Carly
What did I do to make them pull away?
Carly, 27, sits in a work meeting and shares an idea about improving their onboarding process. Mid-sentence, she notices her colleague glance down at her phone. Carly hesitates for a moment, then continues. By the end of the meeting, she’s spiralling.
Afterwards, she replays it:
Was I rambling? Did I say something stupid?
She looked bored. I knew it. I talk too much. Everyone’s probably sick of me.
She takes the glance as disapproval, reinforcing her belief she did something wrong. She even considers messaging the group to "clarify" what she meant, though no one asked.

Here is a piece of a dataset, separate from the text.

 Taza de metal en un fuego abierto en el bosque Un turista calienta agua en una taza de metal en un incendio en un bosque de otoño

Carly fills in the blanks with criticism. She assumes judgment or boredom; never neutrality. If someone doesn’t smile, they’re annoyed. If someone replies late, they’re pulling away. She’s on constant alert for rejection, always finding proof that she doesn’t belong.
Growing up, Carly’s father was warm one moment, withdrawn the next. Her mother often asked, “What did you say to make him upset?” So Carly learned: If someone pulls away, it’s probably your fault. You are the wrong thing. Over time, she developed an emotional radar — scanning tone, face, body language for clues. But instead of keeping her safe, it just kept her stuck. She didn’t see people clearly; only the threat.

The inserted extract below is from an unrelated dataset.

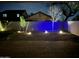 Night view of backyard with desert landscaping and blue accent lights along the block wall at 4433 W Phalen Dr, Phoenix, AZ 85087
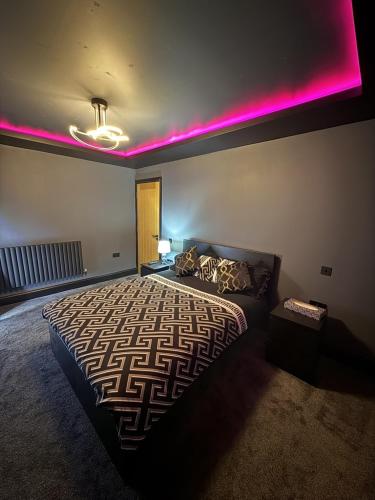 a bedroom with a bed with pink lights on it at SK Stays Modern Luxury Home With Jacuzzi Bath & Cinema Room in Shipley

Carly over-explains and pre-apologizes; tries to “fix” misunderstandings that don’t exist. She doesn’t just fear rejection. She anticipates it.
Carly doesn’t lack social skills. She has a distorted inner dialogue hijacking her clarity. Her self-esteem filters every interaction through the question:
“Did I say something that made them pull away?”
When that question sets the tone, even neutral moments feel threatening. Carly isn’t being dramatic; she’s trying to stay safe. Only when Carly begins to see the difference between what actually happened and what she interpreted it to mean, that a new possibility opens:
Maybe the glance wasn’t about her.
Maybe silence isn’t rejection.
Maybe she can stay, even when it feels uncomfortable and trust that she can take up space.